The Mandatory Lesson Plan
I have to turn in the weekly lesson plan that nobody reads, the one everybody knows nobody reads. But I got to do it anyway even though the district office hasn’t hired anyone to read lesson plans, and, even if they did, I don’t give a wank. It’s mandated. So I pretty much copy word-for-word the lesson plans the district office bought — they paid millions — so I can send it the district office. I just realized that I’m late with it. This will take maybe an hour.
I turn to this 600+ page curriculum. I look up what I’m not going to teach. According to the curriculum, I’m supposed to be teaching the Odyssey, which I finished last month.
So I fill-in the mandatory “Public School Curriculum Data Based Lesson Design Tool (Weekly)”. I dutifully note the pages I’m not teaching. In accordance with the “State Standards”, I more-or-less copy word-for-word “Comprehension And Evaluation”.
The students will comprehend what they read and write.
This will be evaluated when the teacher and the students
exchange information, questions, answers and ideas. The
students will speak and write in Standard English.
About three-quarters of the way through this form, it asks for the vocabulary I won’t teach. There’s this big box for words. It’s the only thing I actually get to choose. So I start with odyssey-like words, canto, invocation and such, when I’m suddenly overwhelmed by this passive-aggressive civil servant thing. I insert Klingon, photon torpedo, red alert, phaser, and, of course, Beam me up, Scotty. I do finish with the word Trojan, but note that I’m looking for the rubber not the person.

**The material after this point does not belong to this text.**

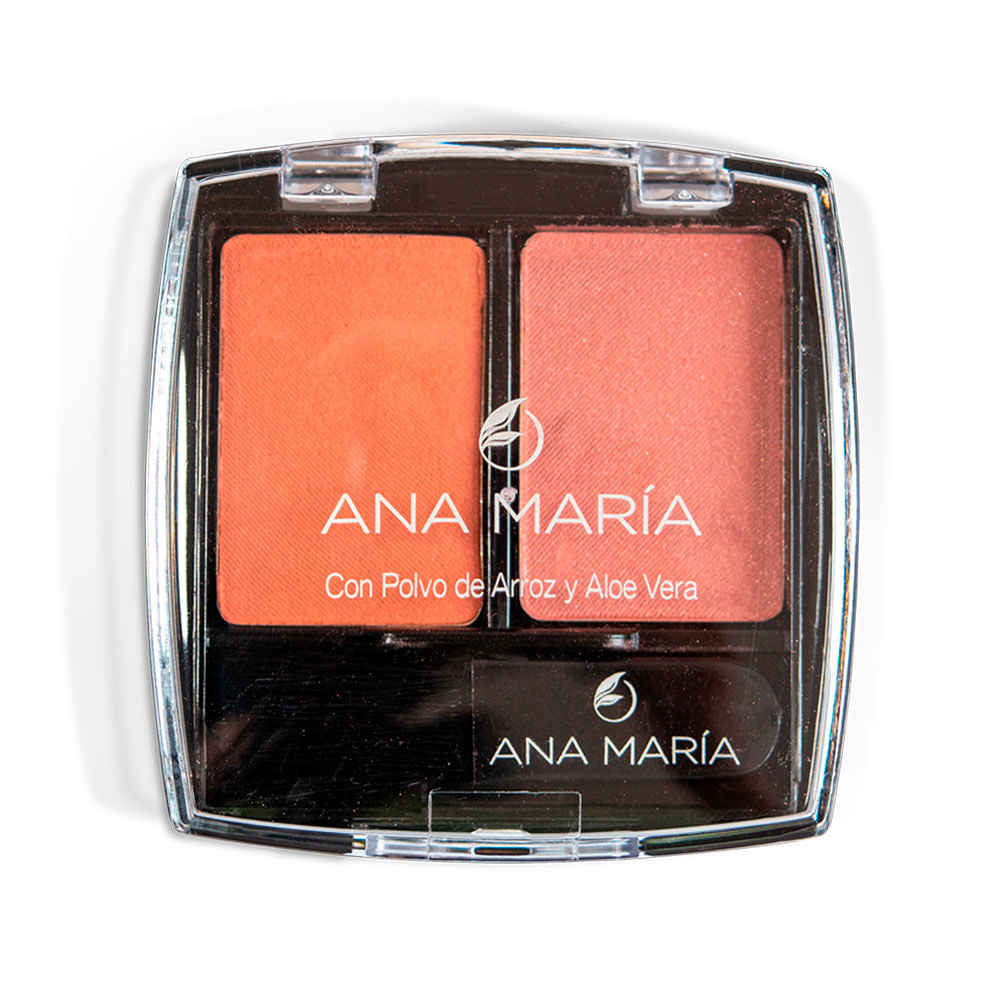 RUBOR DUO N 3 ACEITUNA ANA MARIA ESTUCHE 6 G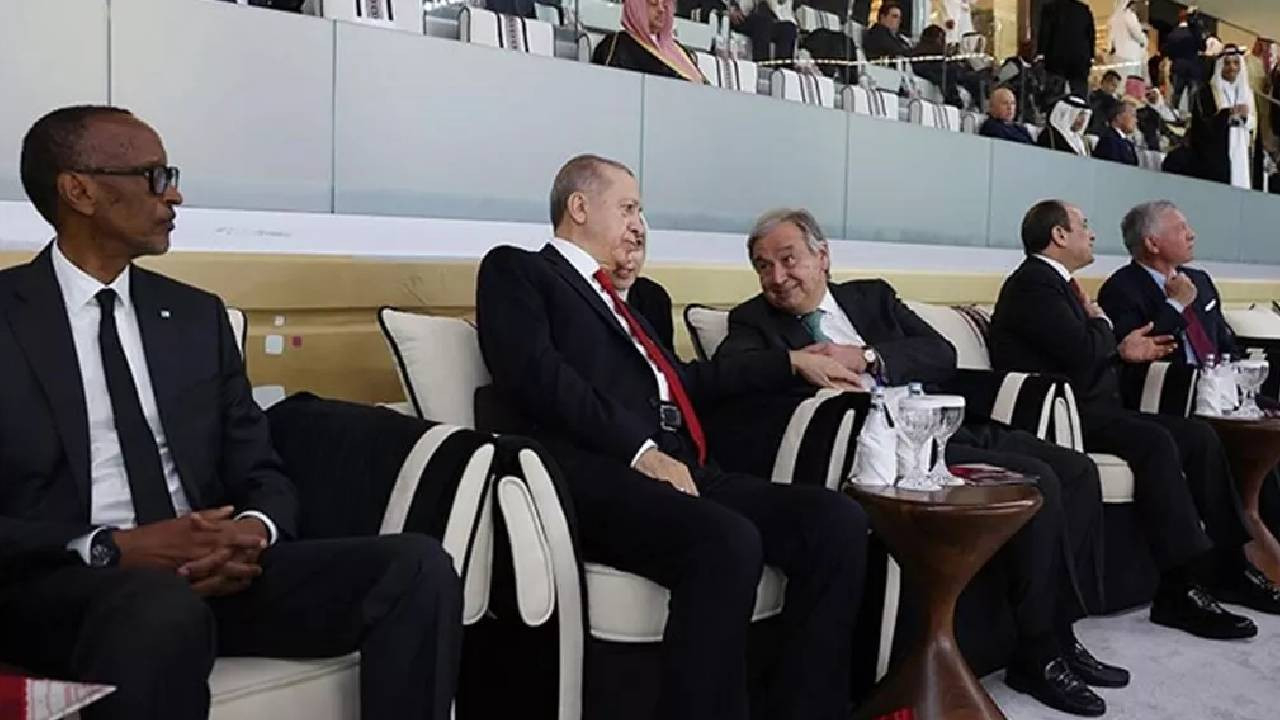 Cumhurbaşkanı Erdoğan Katar’a gidiyor! Kapanış törenine katılacak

I actually am teaching science fiction this week. I have developed a pedagogical rational. Star Trek is the American Odyssey. Captain Kirk is the new Odysseus. I’m actually quite serious about that. But that’s my own thought, so I can’t put that down. Then I realize –
I’m getting into a strange area here – extraneous existentialism. I’m rationalizing a lesson plan that will never happen, that contains vocabulary I’ll never teach, a lesson which I largely copy out of a curriculum nobody reads and which, in any case, addresses a lesson I taught a month ago, all this so I can place my lesson plan in a pile no one reads, a pile which will be boxed and mailed to nobody at the district office.